My 6x17 camera
And the scanner camera, it uses a canon Lide scanner as sensor and a Russian 30 dollar lens no shutter neaded :0)
More about those cameras and other projects can be found at:
My DIY 612/4x5 shift camera. It's a horseman 6x9cm-to-4x5" adapter, I made a front adapter and lensboard for it. Right now it has a 65mm Nikkor on it, but it can go much much wider. Allows ~3.5cm of shift in either direction. It's extremely light and has very precise, geared track focusing. The standards collapse very close together; I think this baby could take a 47mm lens, no worries.
The main innovation is that I can convert it back to an enlarging back in a few minutes. So, packed with my Horseman VH, I have 3 cameras in one- 6x9, 4x5, and 4x5 ultrawide shift.
Shown here with a fuji instant film back.
Here is a test shot taken with my adapted wide shift camera, on the wonderful fuji-roid 4x5 film, fp100b45. This was taken about 10 ft up on my 21 ft ham-radio tripod, that is another story.
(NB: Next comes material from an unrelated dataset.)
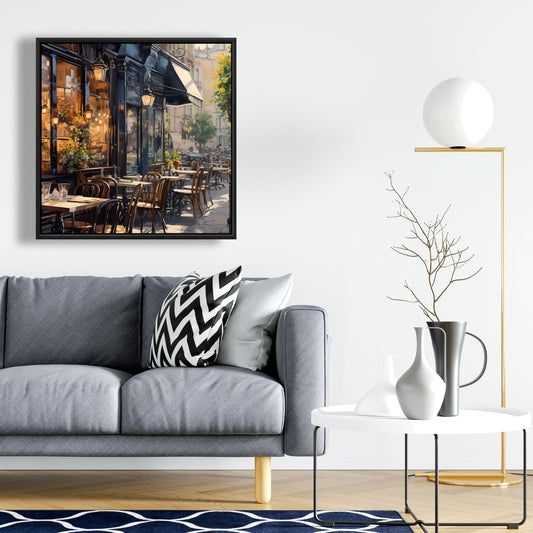 Toile encadrée « Café d'angle de rue » | Décoration murale pour chambre à coucher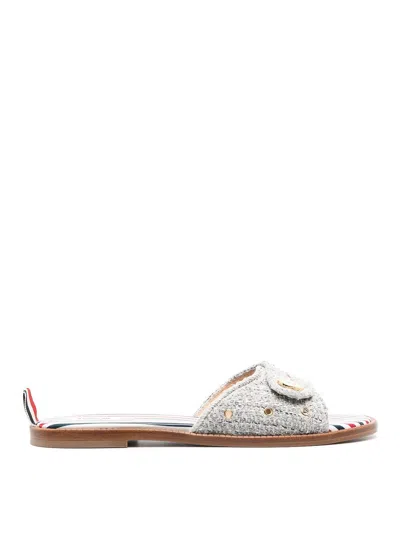 Thom Browne Embossed-button Tweed Flat Sandals In Gray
Not a home-made camera, but two "hacked lenses".
The Canon 50/1.5 is made from left over parts, and has the rear optics module of a Jupiter-3 in it. Spent hours getting the focal length and main shim correct. It RF couples and focusses across the entire range.
The Jupiter-3 has the rear module moved in closer to the front to correct the focal length for a Leica, and the main shim is set for correct focus across the range.
Last edited by lens_hacker; 08-28-2007 at 05:39 PM. Click to view previous post history.
Not a homemade camera, but a 5x12 reducing back for an old, off-sized plate camera. Wood's quartersawn sycamore that was collecting dust in the garage. Springs were made from a $4 taping kife from Home dePot. Ground the glass by hand.
I'm waiting on film and lens to test it out, but the homemade, cobbled holder fits it perfect!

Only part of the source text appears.